- What you are asked to do: Of the material below, only the lines from the line containing "Wild Cherries sleek" down to the line containing "Spatial Awareness Sorting by Size Worksheet" belong in the answer, written out exactly.

- Materials provided:
━━━━━━━━━━━━━━━━━━━━
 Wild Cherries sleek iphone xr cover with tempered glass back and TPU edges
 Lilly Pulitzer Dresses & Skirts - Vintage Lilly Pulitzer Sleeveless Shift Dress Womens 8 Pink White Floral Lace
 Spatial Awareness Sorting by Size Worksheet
━━━━━━━━━━━━━━━━━━━━
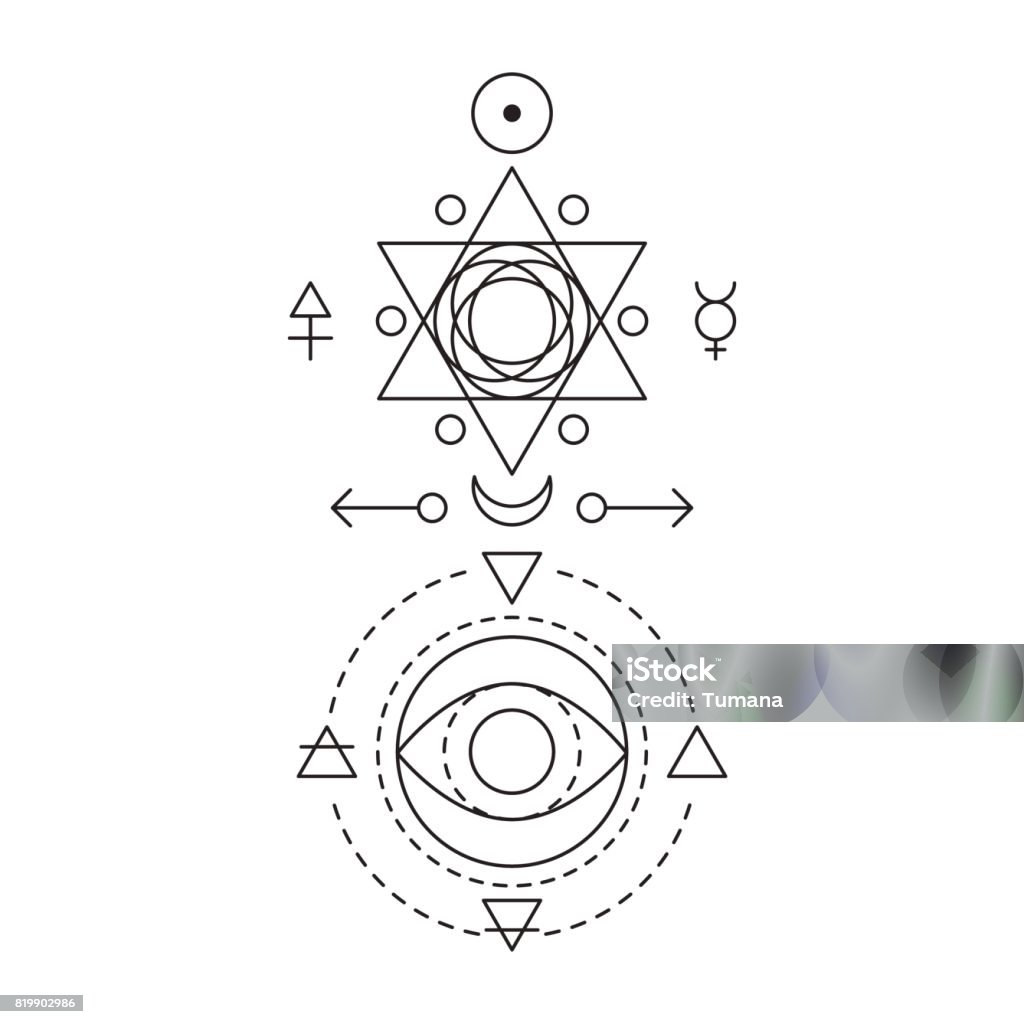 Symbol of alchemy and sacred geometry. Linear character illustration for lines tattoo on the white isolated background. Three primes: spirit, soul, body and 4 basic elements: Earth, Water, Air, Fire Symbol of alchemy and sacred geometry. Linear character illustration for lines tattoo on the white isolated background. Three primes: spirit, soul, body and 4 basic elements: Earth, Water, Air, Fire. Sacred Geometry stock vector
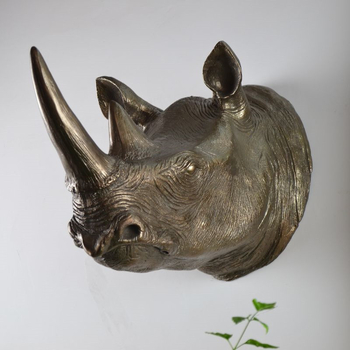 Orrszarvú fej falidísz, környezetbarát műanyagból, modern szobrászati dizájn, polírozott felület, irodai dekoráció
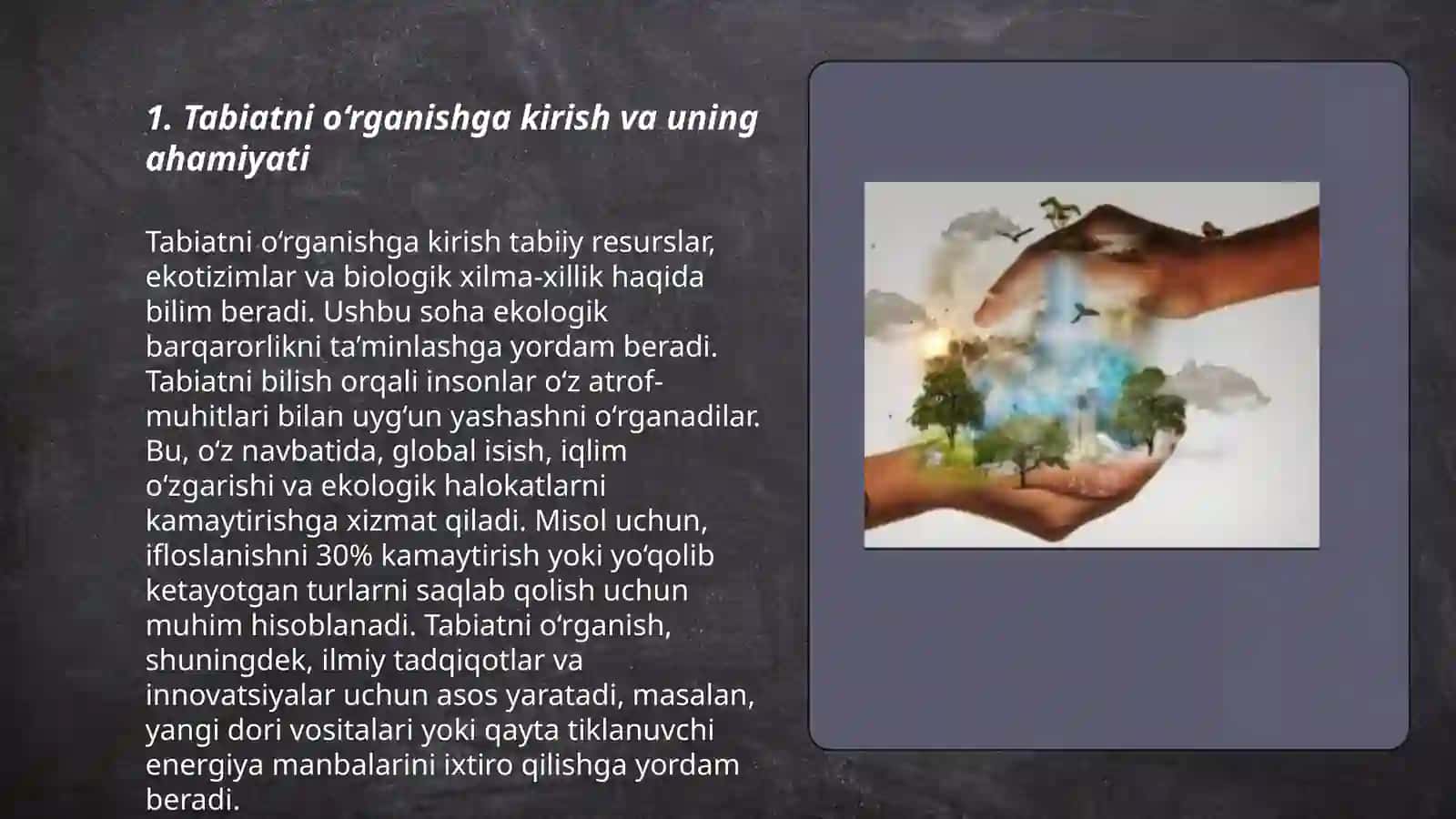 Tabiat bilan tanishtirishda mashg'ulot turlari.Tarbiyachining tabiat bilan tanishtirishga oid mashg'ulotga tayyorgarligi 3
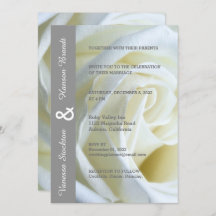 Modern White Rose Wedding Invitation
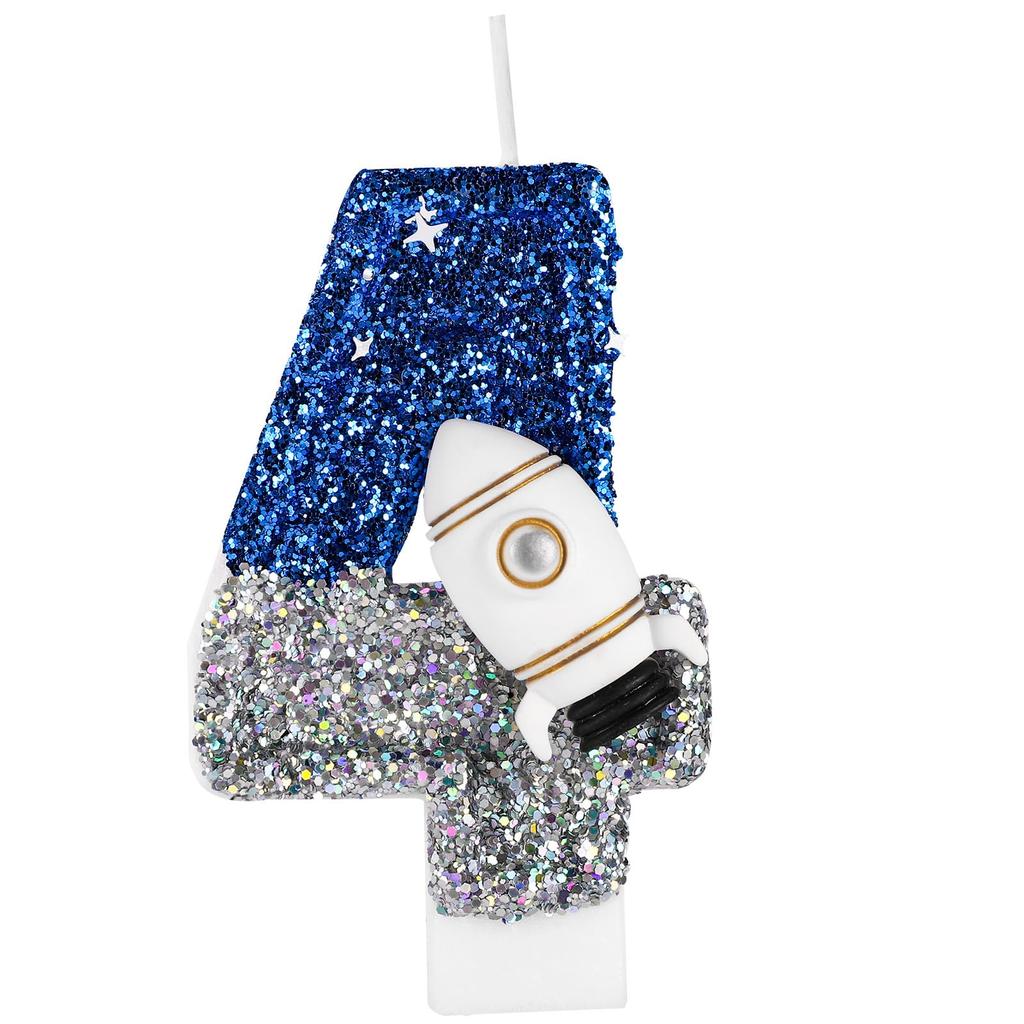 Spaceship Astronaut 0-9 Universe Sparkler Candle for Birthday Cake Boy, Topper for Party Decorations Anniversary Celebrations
━━━━━━━━━━━━━━━━━━━━
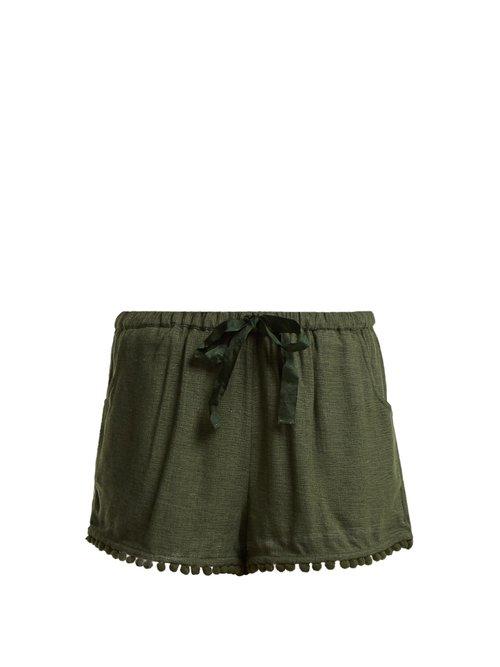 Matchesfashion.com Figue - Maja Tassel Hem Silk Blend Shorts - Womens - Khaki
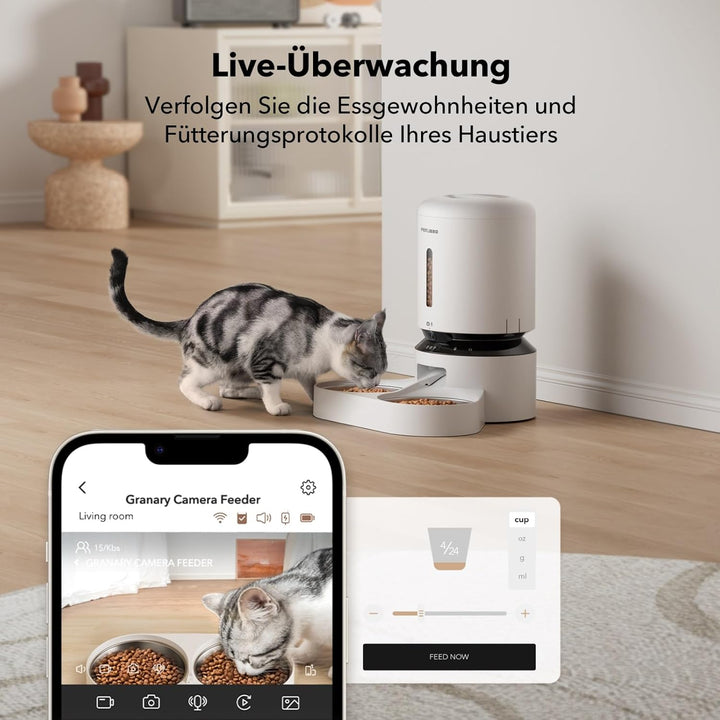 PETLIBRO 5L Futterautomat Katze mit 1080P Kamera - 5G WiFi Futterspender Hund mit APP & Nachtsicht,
━━━━━━━━━━━━━━━━━━━━
- Solution below:
 Wild Cherries sleek iphone xr cover with tempered glass back and TPU edges
 Lilly Pulitzer Dresses & Skirts - Vintage Lilly Pulitzer Sleeveless Shift Dress Womens 8 Pink White Floral Lace
 Spatial Awareness Sorting by Size Worksheet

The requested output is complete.